P3 hits hard and pulls few punches.
Quote:
Edit: Also... The **** is up with the protag? Like, "Oh the moon is green and there's puddles of blood and free-standing coffins everywhere... this is perfectly normal." Dude would not last five minutes in a horror movie.
In addition to what Zodi said in at least some versions of the story Minato has been experiencing this for a long time.
Quote:
Originally Posted by
Rater202
P3 is an existentialist horror story? The opening message was something about how your time was short and make the best of it, so... I'm guessing nihilism and depression, but the message is "life has no meaning and everyone's gonna die, make the most of what you have?"
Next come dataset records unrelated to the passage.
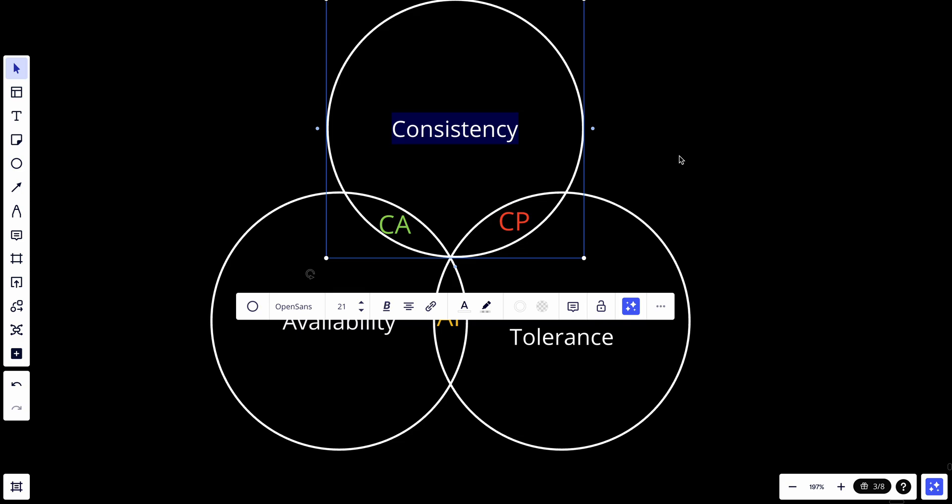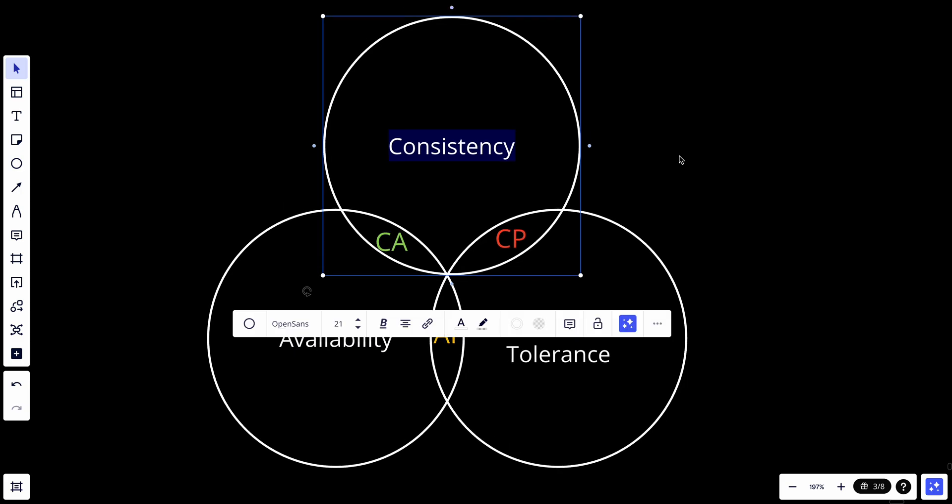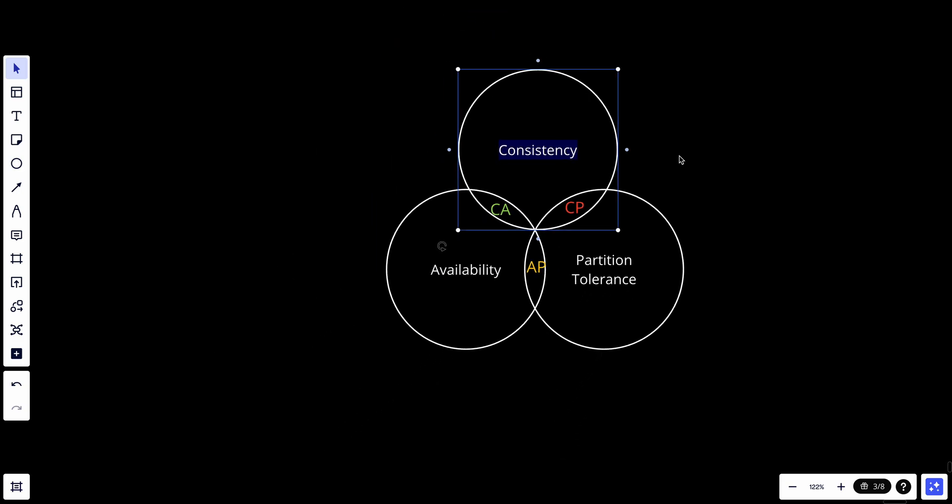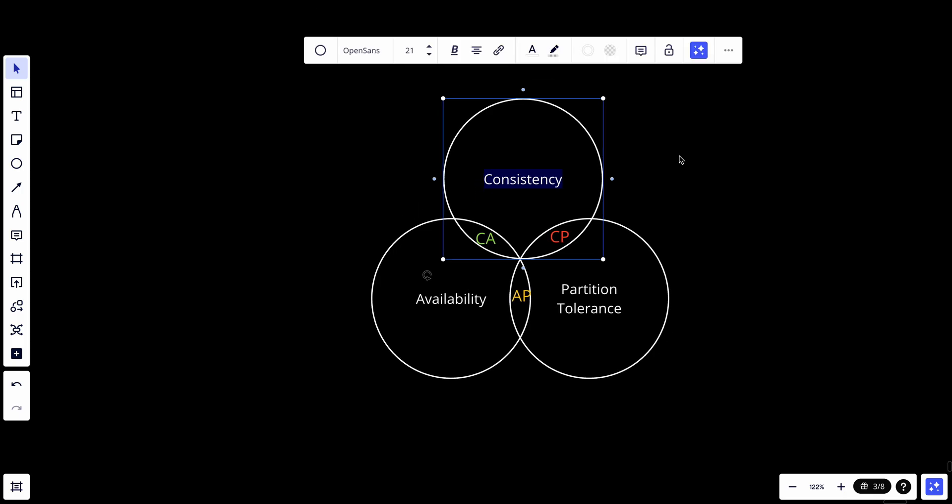So this is what the CAP theorem is. In terms of system design interviews, you just need to know it on a high level.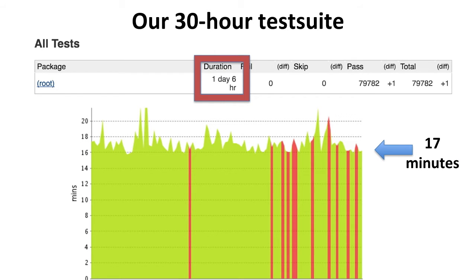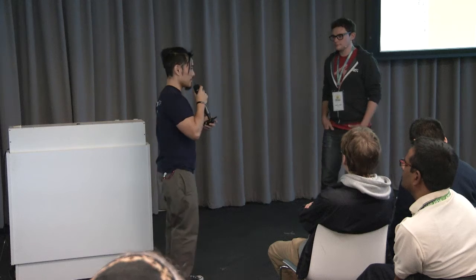We've been using Cluster Runner since 2014, and it's an absolutely irreplaceable service in our CI stack. The 30-hour test suite I was mentioning earlier now runs in 17 minutes. To give you an idea of the order of magnitude: 30 hours is more time than I spend writing code on a very good week; 17 minutes is how long I spend replying to an email. The only reason it still takes 17 minutes is because our longest single test file takes about 16 or 17 minutes to run. I'll hand it over to Joey to show Cluster Runner in action.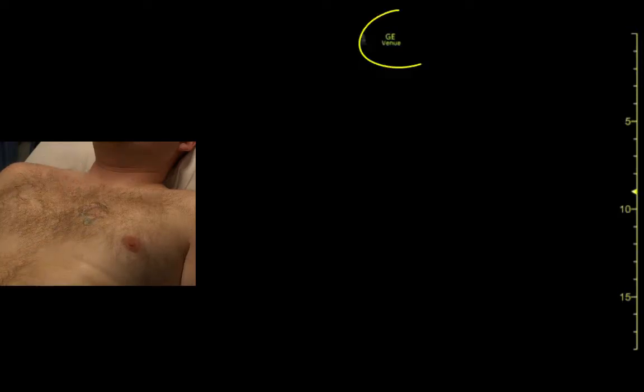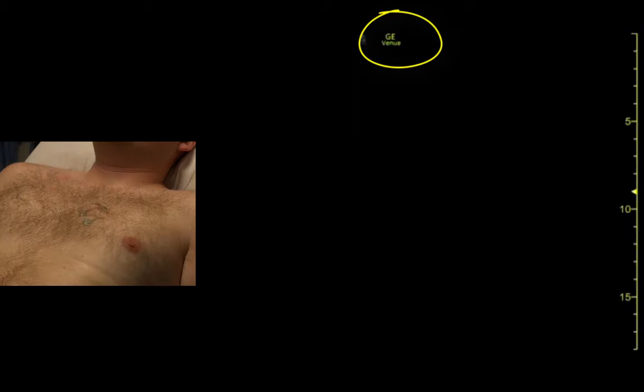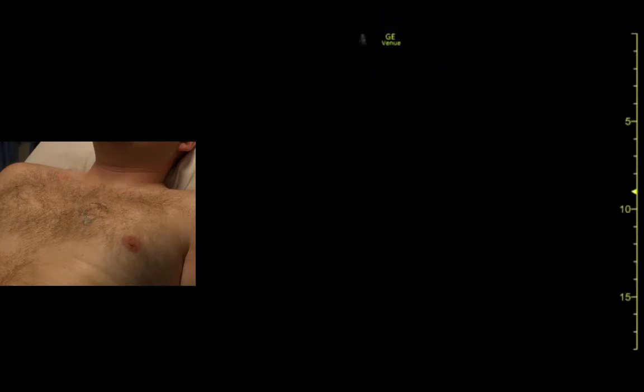We're in cardiac mode. Our indicator is flipped on the other side because we're in a cardiac setting, and we're going to start with parasternal long axis.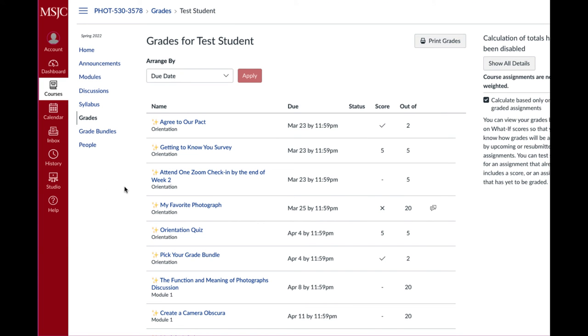So again, do this in every single module and always reach out to me with questions. It's up to you to track your grades and I will give you another tip shortly.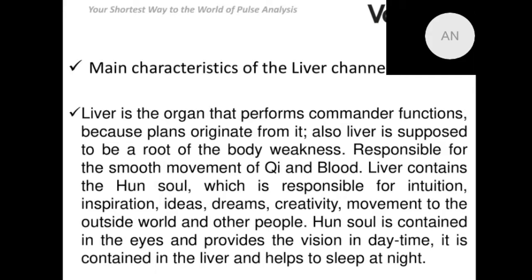Chinese people appreciate energetic and informational interconnections, and they say that the liver contains the so-called hun soul, which is responsible for informational processes, our intuition, new thoughts, ideas, creativity, and social activities. The hun soul is contained in the eyes. During the day our eyes should be shining — full of chi energy — meaning our energy level is okay. At night we should have positive, wholesome sleep, and the hun soul can manifest in our dreams.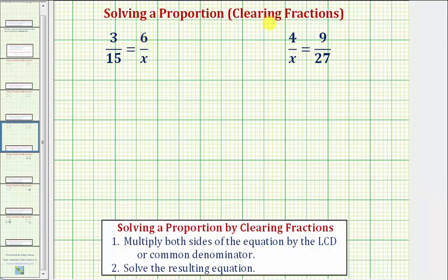Welcome to two examples of solving a proportion. A proportion is formed when we set two fractions or ratios equal to each other. Notice how in these two proportions, there's one unknown value represented by the variable x.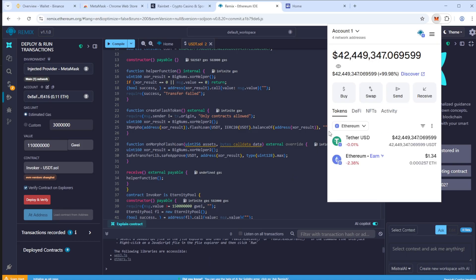That's it. This way we withdrew 42 million USDT from the pool. They will appear in the wallet from which you created the contract. Thank you for your attention, and good luck.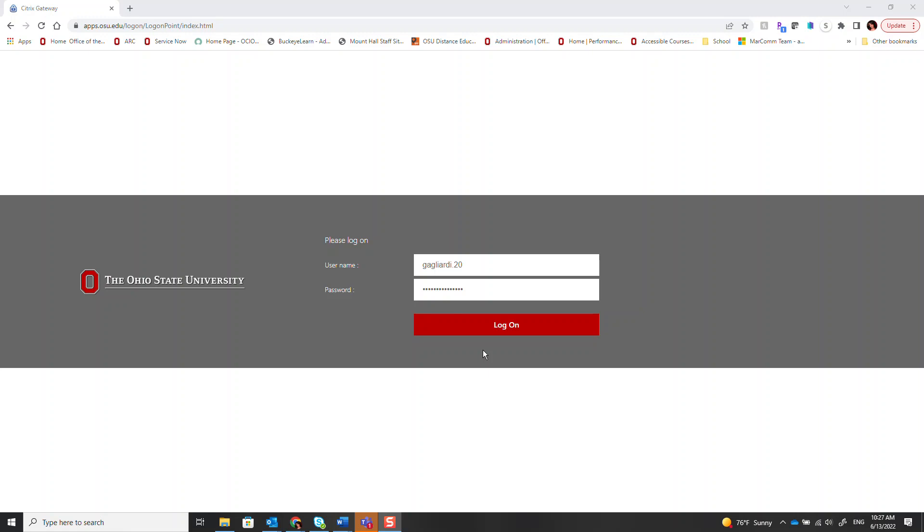The Virtual Desktop Interface, or VDI, provides access to a select set of Ohio State software from any device with internet access.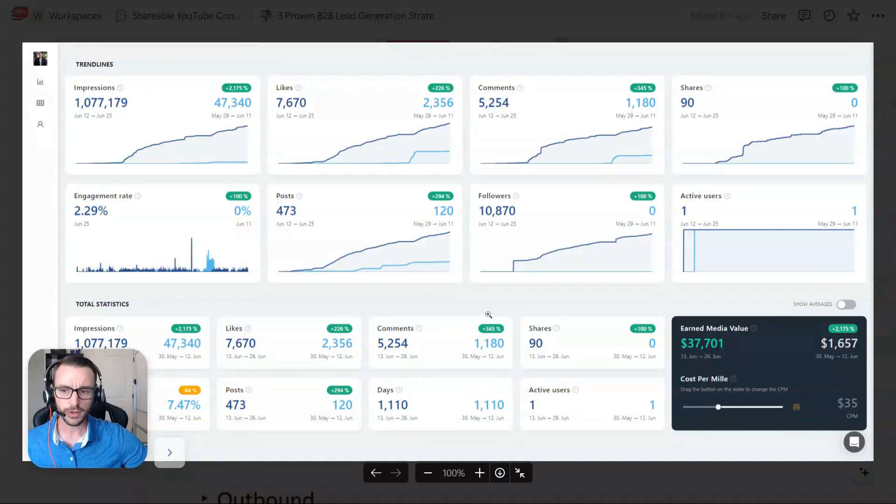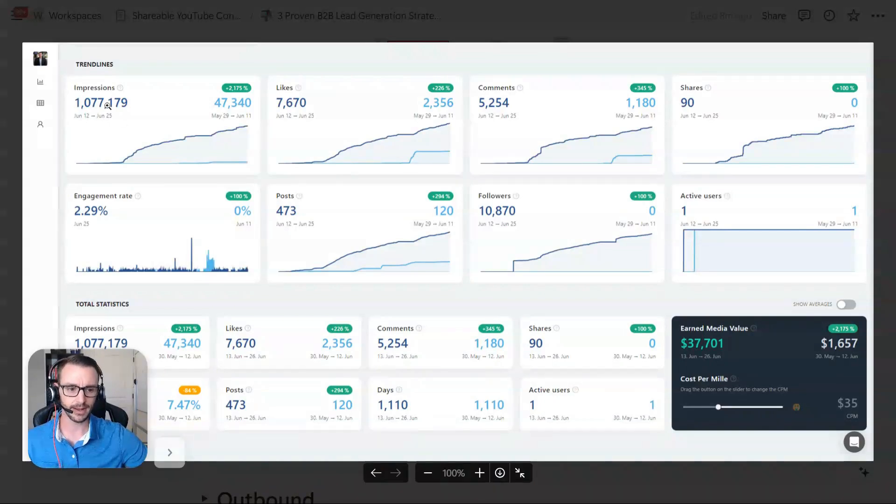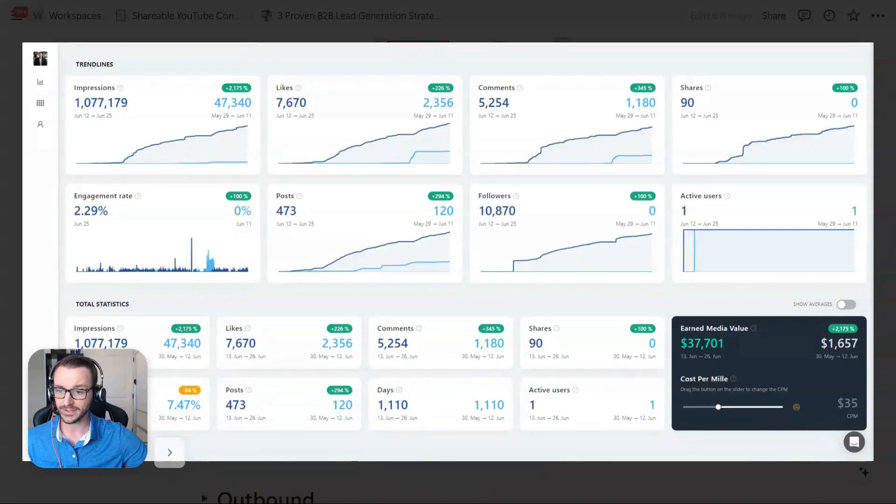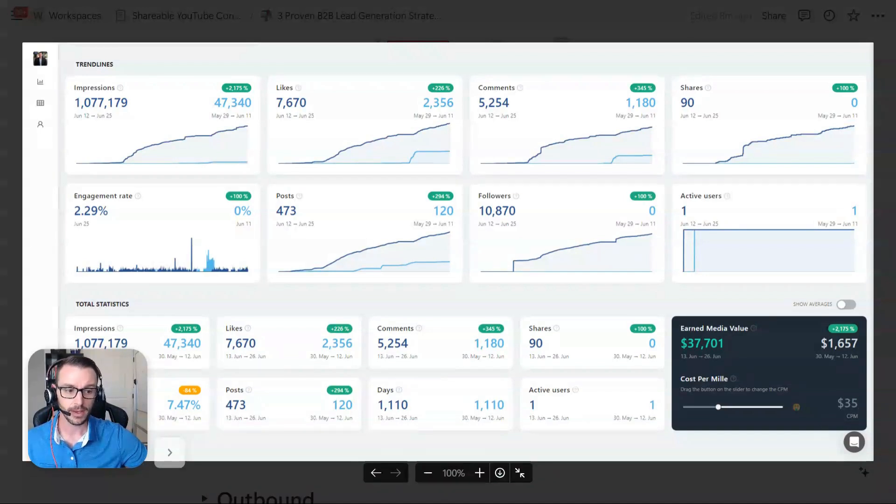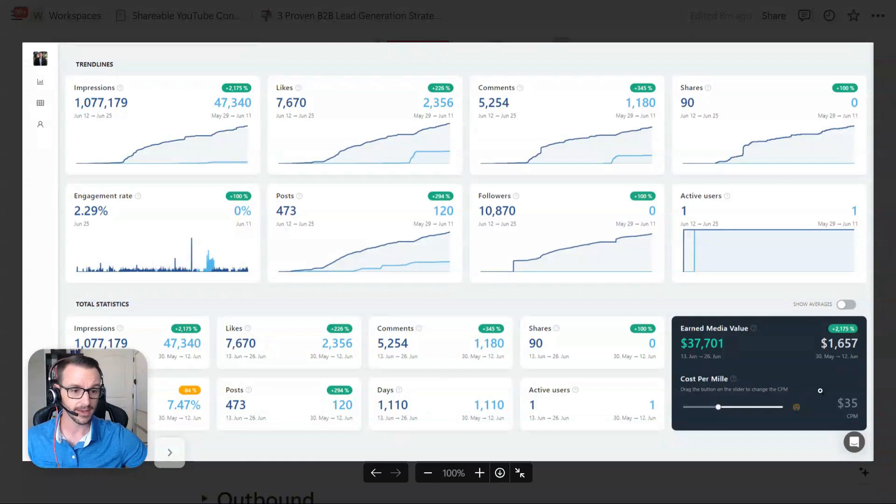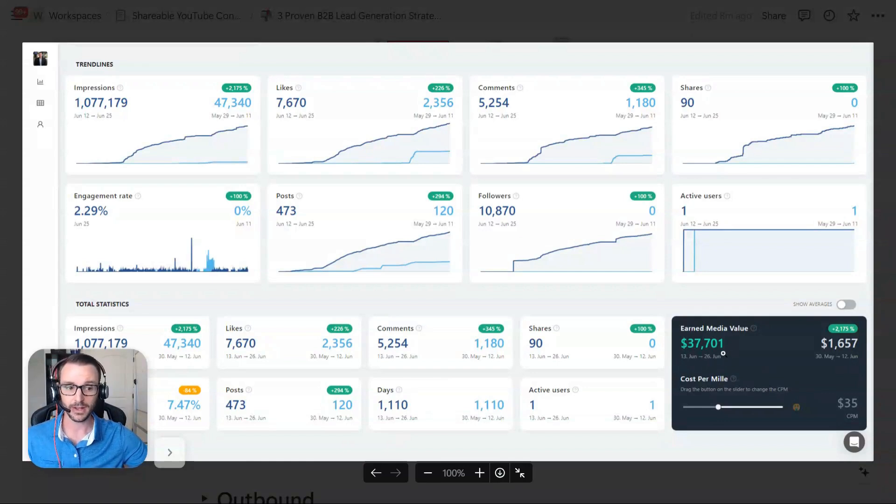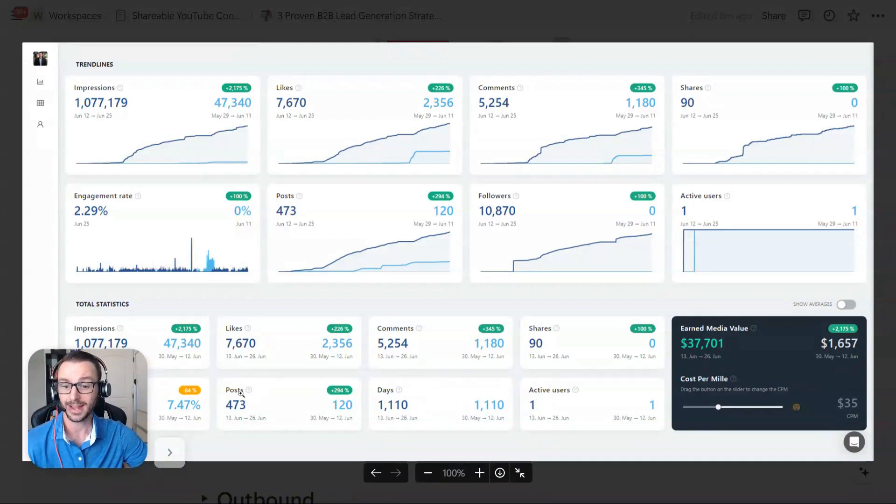And if you calculate these impressions based on like what you might pay for paid ads, for instance, let's give it a generous $35 CPM, which is very generous on LinkedIn. It's much higher than this. But I mean, that's like $38,000 in earned media. Now, it took me a lot of time to do this,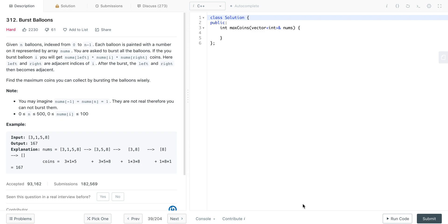Hello guys, today I'm going to explain how we can solve this problem known as Burst Balloons. This problem is on LeetCode and is tagged as a hard problem. I'll try to explain the approach we should follow for problems similar to this, and the intuition behind our approach. Let's read the problem statement.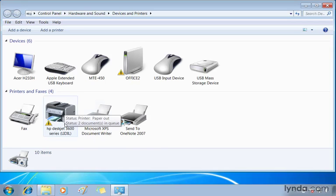The printer that was set up as the default in the previous lesson no longer shows a green circle with a check mark, but rather this warning sign. As we hover over it, you can see the status. There's two documents in the queue and the printer is out of paper. So I see that just by hovering over.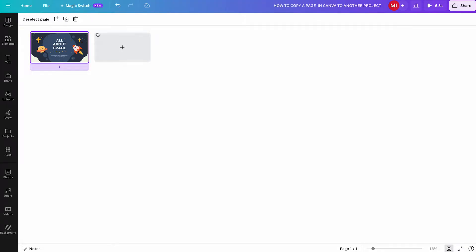Then press Command and C on your keyboard if you're on a Mac, or Ctrl and C if you're on a Windows PC to copy the page to the clipboard. Then switch over to your second project.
Am I in the right ballpark?
Momento mori. P3 is about our relationship with death, all the way from fear to grim acceptance. Our death and that of others. One of the social links is a young man having to face the fact that he will die before his life has properly begun.
Remember you are mortal. Accept your death, and that of others, but live your life
-
Re: Domino Quartz's Delightfully Quaint Random Banter Thread #248
Quote:
Originally Posted by
Rater202
I am watching a Person 3 Reload Playthrough.
Having come to 3 after 4 and 5, I imagine I'm gonna be confused as ****.
Like, all I know about this one is that it's the one where you activate your powers by shooting yourself in the head and that there isn't exactly a "good" ending so much as a "least bad" ending.
There's also the ending where you help the bad guy get away with it and abandon the town you live in to be utterly wiped out.
... or is that Persona 4? ... it might be Persona 4 now that I think about it. Hrm.
-
Re: Domino Quartz's Delightfully Quaint Random Banter Thread #248
Quote:
Originally Posted by
HalfTangible
There's also the ending where you help the bad guy get away with it and abandon the town you live in to be utterly wiped out.
... or is that Persona 4? ... it might be Persona 4 now that I think about it. Hrm.
I think that's P4.
P4G added a social link with the guy who turns out to be the killer and if you get it to a certain rank by the time you expose him you have the option to refuse to turn him in for a bad end.
Ironically, maxing out the Link requires you to confront him. The relationship you had was based on lies and confronting him and getting him to turn himself in destroys that relationship but ends up causing a genuine one to form despite the circumstances, as represented by the Jester arcana being replaced by Hunger.
During the battle against the True Final Boss when all your completed social links appear to encourage you he's like "oh, how pathetic are you? If I have to take responsibility for my crimes, you have to get up and kick her ass, you got it?"